Our brains play all sorts of tricks on us, and here is one with some disturbing real-world implications. An experiment back in the 1990s, revisited this week by Brain Decoder, found that people will sometimes imagine hearing a foreign accent where one does not actually exist. What’s more, people subsequently report having a harder time remembering what the person with the (again, imaginary!) foreign accent said.
Here’s the gist of that study. Researchers asked college students at the University of Georgia to listen to an audio recording of an American-accented voice. The twist: Some of the students were shown a picture of a white professor and were told the voice belonged to her. Others were presented with a photo of a professor who was of Asian descent. Everything else about the photos were identical, including their dress and hairstyle, and the audio was exactly the same, too.

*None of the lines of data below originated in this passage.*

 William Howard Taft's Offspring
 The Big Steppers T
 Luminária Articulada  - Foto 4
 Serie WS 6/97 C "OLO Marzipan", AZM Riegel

And yet something weird happened when the researchers asked the students about what they’d heard. In the condition with the picture of the Asian woman, the students reported that the woman spoke with a foreign accent, and they were also less likely to remember details from her lecture than those who’d been told they’d been listening to a talk delivered by a Caucasian professor. Again: It was the exact same voice. Summarizing the findings to Brain Decoder, researcher Donald Rubin explained, “Basically, it showed that it’s possible for people to hallucinate a foreign accent.”
The study was replicated earlier this year, and Canadian researchers confirmed those earlier findings. Whether you know it or not, you are very likely judging a speaker’s voice by his or her appearance.